Far East Machinery established that it did not target the Texas market for
selling pipe. Accordingly, Far East Machinery did not purposefully avail itself of
the privilege of conducting activities within Texas, and did not invoke the benefits
and protections of its laws. We conclude the trial court erred by denying Far East
Machinery’s special appearance.
CONCLUSION
We reverse the trial court’s order denying Far East Machinery’s special
appearance. We render judgment dismissing appellees’ claims against Far East
Machinery for lack of jurisdiction.
/Lana Myers//
210267f.p05 LANA MYERS
JUSTICE
–38–
Court of Appeals
Fifth District of Texas at Dallas
JUDGMENT
Far East Machinery Co., Appellant On Appeal from the County Court at
Law No. 5, Dallas County, Texas
No. 05-21-00267-CV V. Trial Court Cause No.

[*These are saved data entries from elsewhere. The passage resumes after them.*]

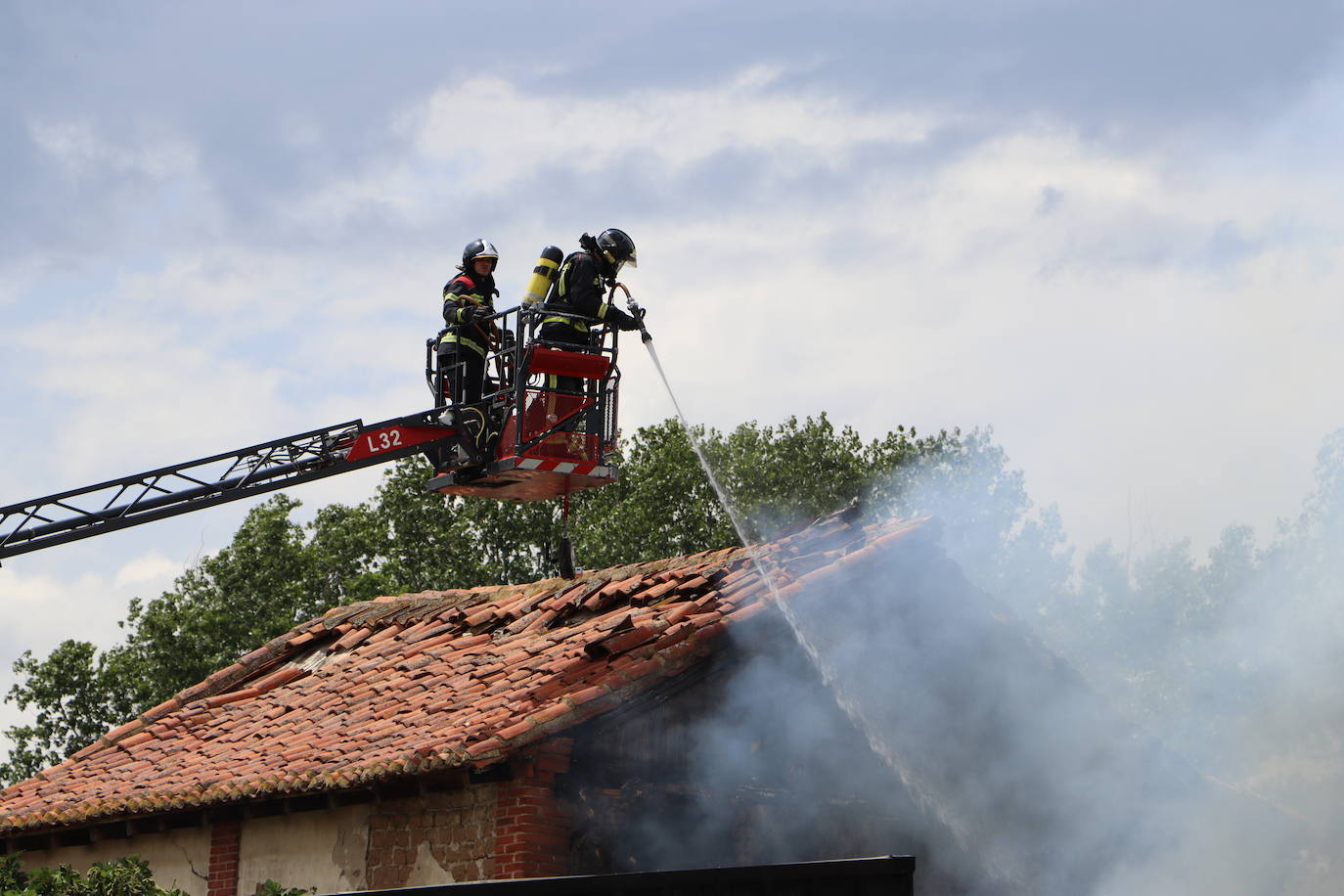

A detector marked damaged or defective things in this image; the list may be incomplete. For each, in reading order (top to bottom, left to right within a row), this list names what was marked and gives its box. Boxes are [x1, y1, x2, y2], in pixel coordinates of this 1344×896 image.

damaged roof [0, 515, 924, 837]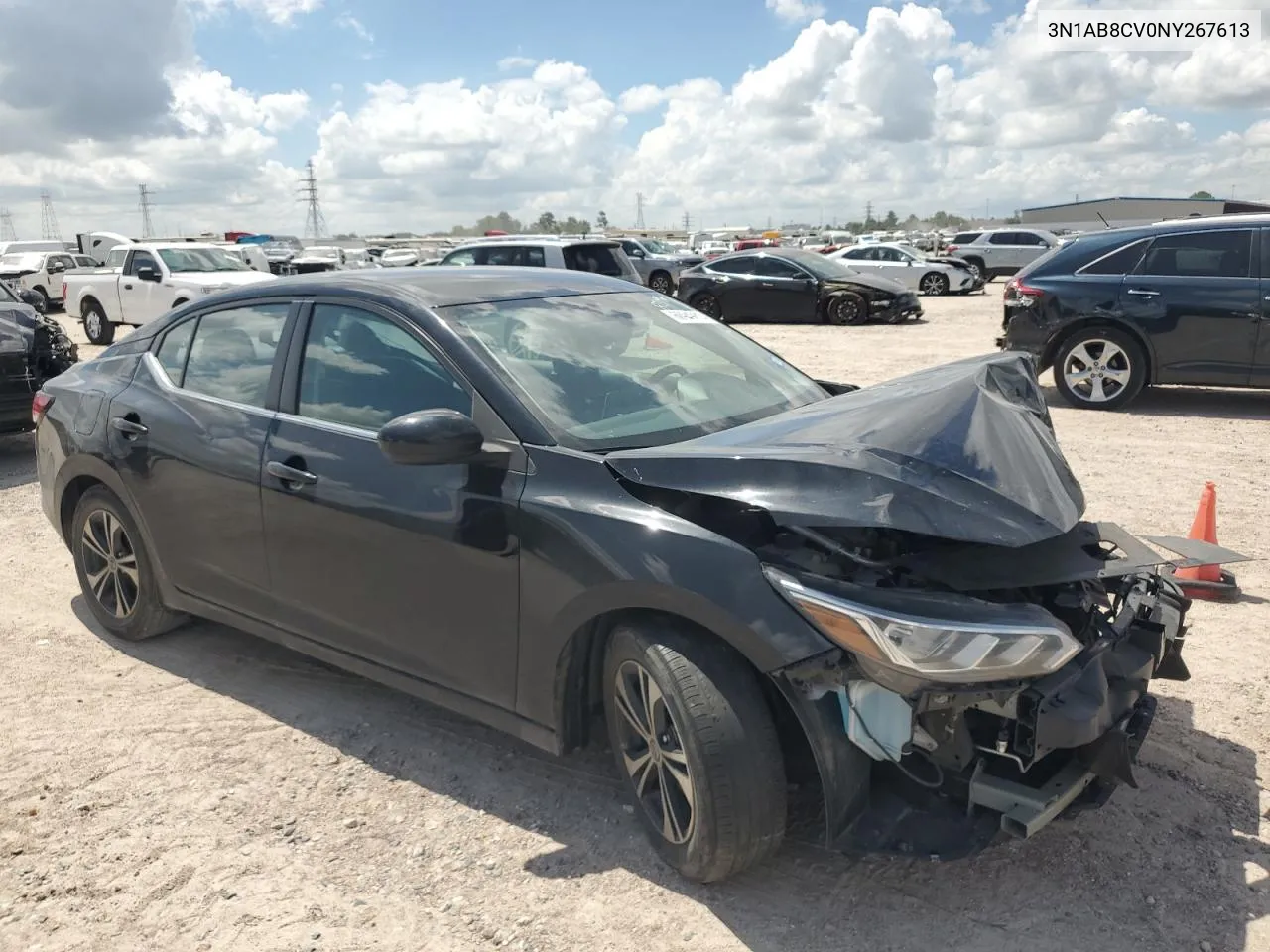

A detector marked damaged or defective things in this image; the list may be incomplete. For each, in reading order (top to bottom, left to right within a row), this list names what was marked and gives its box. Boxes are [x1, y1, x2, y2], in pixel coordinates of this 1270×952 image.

damaged black sedan [32, 268, 1238, 885]
crumpled hood [603, 351, 1080, 547]
broken headlight [762, 567, 1080, 682]
damaged front bumper [770, 567, 1199, 861]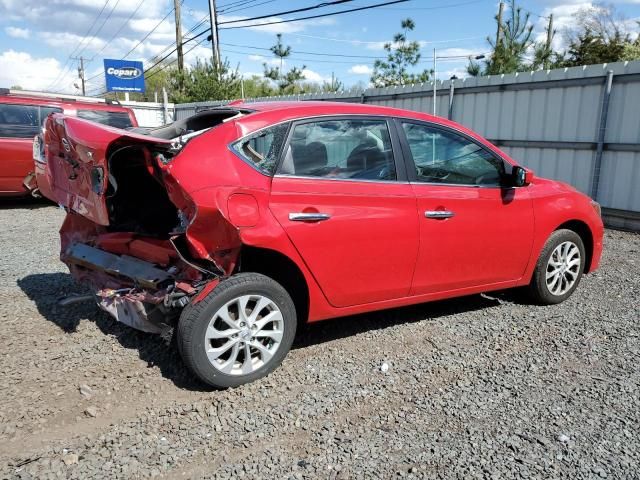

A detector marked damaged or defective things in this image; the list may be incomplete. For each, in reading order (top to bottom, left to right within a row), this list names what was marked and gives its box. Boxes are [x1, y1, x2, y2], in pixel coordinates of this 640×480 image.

crushed rear end [38, 114, 242, 336]
damaged red car [36, 101, 604, 386]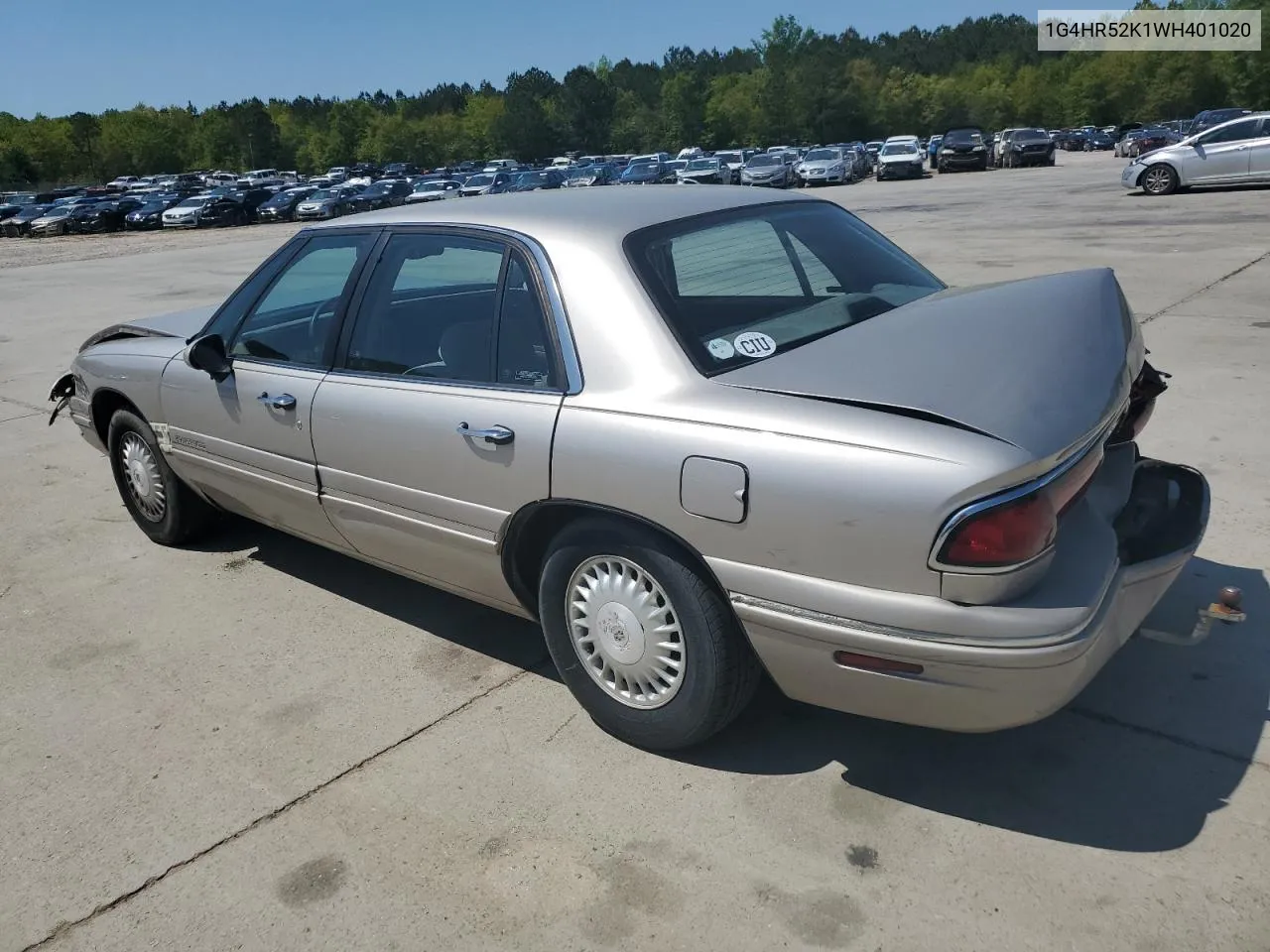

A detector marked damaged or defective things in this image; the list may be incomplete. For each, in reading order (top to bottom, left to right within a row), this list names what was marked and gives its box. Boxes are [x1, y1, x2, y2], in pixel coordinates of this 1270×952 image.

damaged rear bumper [726, 459, 1208, 736]
exposed bumper bracket [1137, 588, 1244, 650]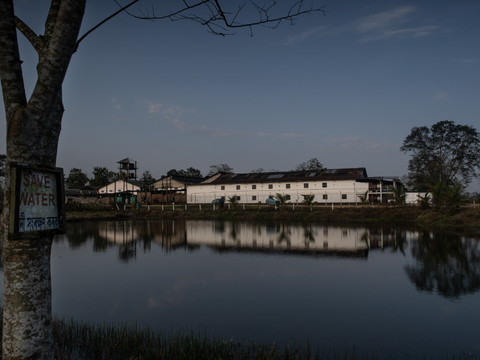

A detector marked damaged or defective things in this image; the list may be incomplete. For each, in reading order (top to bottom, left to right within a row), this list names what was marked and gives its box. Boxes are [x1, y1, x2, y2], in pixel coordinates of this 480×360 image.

rusted metal roof [199, 169, 368, 186]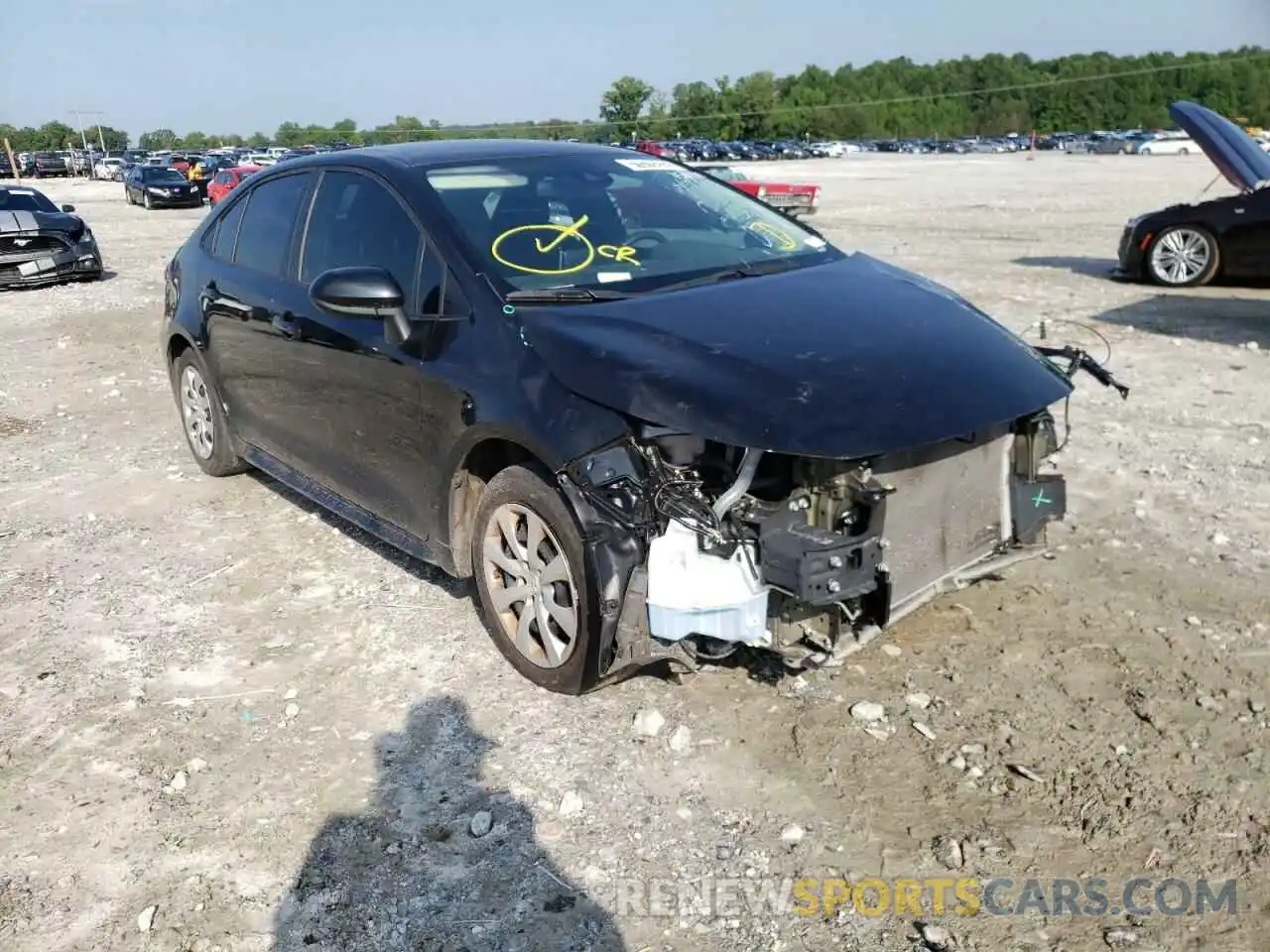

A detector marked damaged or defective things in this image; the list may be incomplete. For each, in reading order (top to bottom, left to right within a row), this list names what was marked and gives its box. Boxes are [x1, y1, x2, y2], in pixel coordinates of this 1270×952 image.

damaged black sedan [0, 185, 103, 290]
bent hood [1175, 100, 1270, 193]
damaged black sedan [161, 140, 1127, 690]
bent hood [516, 253, 1072, 460]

CC-18-05668-
E.
Isabel Aranzamendi, Individually and Opinion delivered by Justice Myers.
as Beneficiary of Wilber Dimas, Justices Partida-Kipness and Carlyle
Deceased, et al., Appellees participating.
In accordance with this Court’s opinion of this date, the trial court’s order
signed April 2, 2021, denying the special appearance filed by appellant Far East
Machinery Co. is REVERSED and judgment is RENDERED dismissing
appellees’ claims against appellant Far East Machinery Co. for lack of jurisdiction.
It is ORDERED that appellant Far East Machinery Co. recover its costs of
this appeal from appellees Isabel Aranzamendi, individually and as beneficiary of
Wilber Dimas, deceased; Pablo Morales Jaimes and Rosalina de Paz Puebla, as wrongful
death beneficiaries of Filiberto Morales de Paz, deceased; Joel Tovar; Jorge Tovar; Victor
Orozco; Abel Ponce Espinoza; Bethany Helen Morales, individually and as personal
representative of the estate of Filiberto Morales de Paz, deceased; Rocio Guiterrez Diaz Deleon,
as next friend of AMG, a minor; Jose Tovar; Aaron Haveron; Tonya Haveron; Richard Studer;
Matthew Aaron; Rebecca Aaron, individually and on behalf of J.A. and S.A., minor children;
Justin Barabas; Shelly Harwell; Vernon Barabas; Jessica Barabas; Jeffrey Barabas; Annette
Romer, individually and on behalf of the estate of Michael Bruggman; Victor Orozco; Abel
Ponce Espinoza; Jacob Rodriguez; Jose Antonio Reyes Torres; Nancy Shelton; and Matthew
Lytle.
This Court’s order signed June 3, 2021, staying the commencement of trial
pending disposition of this appeal is LIFTED.
Judgment entered this 13th day of September, 2022.